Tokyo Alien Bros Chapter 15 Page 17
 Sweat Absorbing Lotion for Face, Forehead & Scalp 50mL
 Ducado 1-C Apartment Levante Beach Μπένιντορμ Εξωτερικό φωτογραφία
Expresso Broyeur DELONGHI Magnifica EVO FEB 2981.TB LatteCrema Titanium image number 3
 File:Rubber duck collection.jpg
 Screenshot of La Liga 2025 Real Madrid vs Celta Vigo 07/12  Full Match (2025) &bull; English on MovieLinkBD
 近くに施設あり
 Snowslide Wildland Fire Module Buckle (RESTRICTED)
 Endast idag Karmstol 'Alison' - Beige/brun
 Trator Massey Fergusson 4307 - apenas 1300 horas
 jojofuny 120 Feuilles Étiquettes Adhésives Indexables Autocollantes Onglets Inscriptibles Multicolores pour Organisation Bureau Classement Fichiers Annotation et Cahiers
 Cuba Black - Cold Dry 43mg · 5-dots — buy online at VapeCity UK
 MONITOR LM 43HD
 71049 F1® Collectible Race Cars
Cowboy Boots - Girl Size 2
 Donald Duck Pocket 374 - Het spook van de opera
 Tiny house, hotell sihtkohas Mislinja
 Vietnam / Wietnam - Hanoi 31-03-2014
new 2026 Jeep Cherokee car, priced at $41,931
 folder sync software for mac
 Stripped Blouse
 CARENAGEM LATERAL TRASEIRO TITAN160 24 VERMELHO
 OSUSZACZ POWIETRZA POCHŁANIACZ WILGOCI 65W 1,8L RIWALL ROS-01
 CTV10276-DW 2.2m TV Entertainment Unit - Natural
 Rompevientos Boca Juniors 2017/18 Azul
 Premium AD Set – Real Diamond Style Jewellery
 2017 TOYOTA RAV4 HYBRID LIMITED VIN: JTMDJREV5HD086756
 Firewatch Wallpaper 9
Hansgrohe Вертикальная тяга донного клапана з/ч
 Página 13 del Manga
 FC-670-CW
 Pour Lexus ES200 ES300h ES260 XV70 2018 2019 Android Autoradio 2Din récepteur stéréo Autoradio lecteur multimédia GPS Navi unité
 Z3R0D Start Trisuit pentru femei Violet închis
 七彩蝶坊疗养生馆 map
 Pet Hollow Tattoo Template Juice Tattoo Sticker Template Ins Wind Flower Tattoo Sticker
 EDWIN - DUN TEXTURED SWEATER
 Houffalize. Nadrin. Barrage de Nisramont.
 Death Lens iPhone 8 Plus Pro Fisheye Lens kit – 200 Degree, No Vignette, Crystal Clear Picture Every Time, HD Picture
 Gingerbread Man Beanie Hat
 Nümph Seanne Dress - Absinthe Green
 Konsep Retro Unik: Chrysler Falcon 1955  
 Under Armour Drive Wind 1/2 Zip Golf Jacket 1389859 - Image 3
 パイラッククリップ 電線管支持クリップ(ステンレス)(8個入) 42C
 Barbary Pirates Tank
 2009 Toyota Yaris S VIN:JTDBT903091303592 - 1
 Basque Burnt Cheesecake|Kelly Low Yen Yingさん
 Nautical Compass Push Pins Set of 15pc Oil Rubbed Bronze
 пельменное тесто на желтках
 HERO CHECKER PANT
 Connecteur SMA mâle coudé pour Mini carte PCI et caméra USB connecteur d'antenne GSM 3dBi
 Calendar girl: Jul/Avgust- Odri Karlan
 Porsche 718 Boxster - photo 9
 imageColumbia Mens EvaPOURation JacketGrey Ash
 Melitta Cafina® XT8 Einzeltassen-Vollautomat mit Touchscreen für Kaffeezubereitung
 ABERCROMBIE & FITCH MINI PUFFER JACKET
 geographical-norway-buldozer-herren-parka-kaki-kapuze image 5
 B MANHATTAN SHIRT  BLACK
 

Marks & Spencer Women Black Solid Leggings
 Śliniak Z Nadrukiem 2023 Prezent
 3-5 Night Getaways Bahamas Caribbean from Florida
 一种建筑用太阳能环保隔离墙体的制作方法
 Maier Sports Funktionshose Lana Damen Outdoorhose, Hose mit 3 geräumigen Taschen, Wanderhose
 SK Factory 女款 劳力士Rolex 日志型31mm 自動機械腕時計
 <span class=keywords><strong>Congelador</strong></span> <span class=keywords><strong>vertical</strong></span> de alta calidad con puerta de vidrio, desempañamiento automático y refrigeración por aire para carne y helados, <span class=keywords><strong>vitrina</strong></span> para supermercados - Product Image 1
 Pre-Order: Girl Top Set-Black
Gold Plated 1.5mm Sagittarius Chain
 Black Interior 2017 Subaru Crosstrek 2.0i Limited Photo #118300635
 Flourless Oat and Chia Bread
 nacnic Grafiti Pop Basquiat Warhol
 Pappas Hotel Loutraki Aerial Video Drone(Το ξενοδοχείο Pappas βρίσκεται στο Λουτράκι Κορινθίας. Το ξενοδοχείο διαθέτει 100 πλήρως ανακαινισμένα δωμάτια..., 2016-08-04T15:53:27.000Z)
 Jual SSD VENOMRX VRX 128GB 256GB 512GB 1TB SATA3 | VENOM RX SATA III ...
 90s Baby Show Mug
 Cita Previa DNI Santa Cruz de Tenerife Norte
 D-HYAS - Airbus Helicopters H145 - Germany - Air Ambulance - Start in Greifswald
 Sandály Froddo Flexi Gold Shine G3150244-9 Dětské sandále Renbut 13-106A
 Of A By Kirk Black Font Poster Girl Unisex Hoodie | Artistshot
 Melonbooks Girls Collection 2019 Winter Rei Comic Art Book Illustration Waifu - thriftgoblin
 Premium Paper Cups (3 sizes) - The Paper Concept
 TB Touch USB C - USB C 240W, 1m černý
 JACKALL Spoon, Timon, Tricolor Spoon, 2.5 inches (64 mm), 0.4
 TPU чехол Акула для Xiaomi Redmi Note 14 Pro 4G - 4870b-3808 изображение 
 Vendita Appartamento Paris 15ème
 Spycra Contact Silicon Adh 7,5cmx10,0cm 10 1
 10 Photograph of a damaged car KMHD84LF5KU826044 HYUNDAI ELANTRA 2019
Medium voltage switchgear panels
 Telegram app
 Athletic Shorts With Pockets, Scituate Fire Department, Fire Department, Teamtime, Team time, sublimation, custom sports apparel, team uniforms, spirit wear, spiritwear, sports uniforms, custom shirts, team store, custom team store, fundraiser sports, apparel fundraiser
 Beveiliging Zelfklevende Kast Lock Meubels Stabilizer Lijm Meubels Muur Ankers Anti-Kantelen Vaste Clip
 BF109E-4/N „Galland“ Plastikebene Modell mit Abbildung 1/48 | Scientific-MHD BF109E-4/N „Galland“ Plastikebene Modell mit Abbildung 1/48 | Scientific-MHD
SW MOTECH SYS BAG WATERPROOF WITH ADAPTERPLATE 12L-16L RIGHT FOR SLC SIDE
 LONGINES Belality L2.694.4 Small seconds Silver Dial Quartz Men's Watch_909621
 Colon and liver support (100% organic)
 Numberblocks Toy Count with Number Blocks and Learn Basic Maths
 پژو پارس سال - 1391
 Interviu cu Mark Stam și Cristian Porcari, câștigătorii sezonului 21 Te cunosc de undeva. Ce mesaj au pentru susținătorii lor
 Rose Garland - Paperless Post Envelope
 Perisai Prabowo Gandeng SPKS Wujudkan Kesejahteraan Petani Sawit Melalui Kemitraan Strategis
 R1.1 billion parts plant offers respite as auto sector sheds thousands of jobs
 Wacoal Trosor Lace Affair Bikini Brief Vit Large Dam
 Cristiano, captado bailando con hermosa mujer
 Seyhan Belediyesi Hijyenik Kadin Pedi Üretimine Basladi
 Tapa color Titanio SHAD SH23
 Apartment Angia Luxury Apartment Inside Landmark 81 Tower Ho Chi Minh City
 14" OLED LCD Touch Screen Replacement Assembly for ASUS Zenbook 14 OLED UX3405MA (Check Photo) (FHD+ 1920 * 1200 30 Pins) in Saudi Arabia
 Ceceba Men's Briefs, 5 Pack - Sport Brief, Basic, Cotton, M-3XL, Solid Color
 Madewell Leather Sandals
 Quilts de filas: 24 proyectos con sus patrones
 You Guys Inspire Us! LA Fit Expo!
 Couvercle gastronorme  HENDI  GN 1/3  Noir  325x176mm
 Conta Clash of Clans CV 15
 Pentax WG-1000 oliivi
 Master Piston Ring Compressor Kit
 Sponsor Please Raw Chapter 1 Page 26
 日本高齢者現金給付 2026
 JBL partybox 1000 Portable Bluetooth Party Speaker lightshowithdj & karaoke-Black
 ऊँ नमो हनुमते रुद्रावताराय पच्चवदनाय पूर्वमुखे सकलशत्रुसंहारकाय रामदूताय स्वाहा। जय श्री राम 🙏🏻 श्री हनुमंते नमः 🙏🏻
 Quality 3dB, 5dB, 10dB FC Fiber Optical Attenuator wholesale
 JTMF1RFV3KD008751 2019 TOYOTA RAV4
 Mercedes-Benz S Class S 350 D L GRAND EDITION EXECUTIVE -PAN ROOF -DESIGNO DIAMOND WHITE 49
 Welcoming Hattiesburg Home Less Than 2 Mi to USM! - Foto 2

**REQUIRED ACTION**
Out of the data above, give again only the lines starting at the one holding "Firewatch Wallpaper 9" and ending at the one holding "七彩蝶坊疗养生馆 map", unchanged.

**WRITTEN RESPONSE**
 Firewatch Wallpaper 9
Hansgrohe Вертикальная тяга донного клапана з/ч
 Página 13 del Manga
 FC-670-CW
 Pour Lexus ES200 ES300h ES260 XV70 2018 2019 Android Autoradio 2Din récepteur stéréo Autoradio lecteur multimédia GPS Navi unité
 Z3R0D Start Trisuit pentru femei Violet închis
 七彩蝶坊疗养生馆 map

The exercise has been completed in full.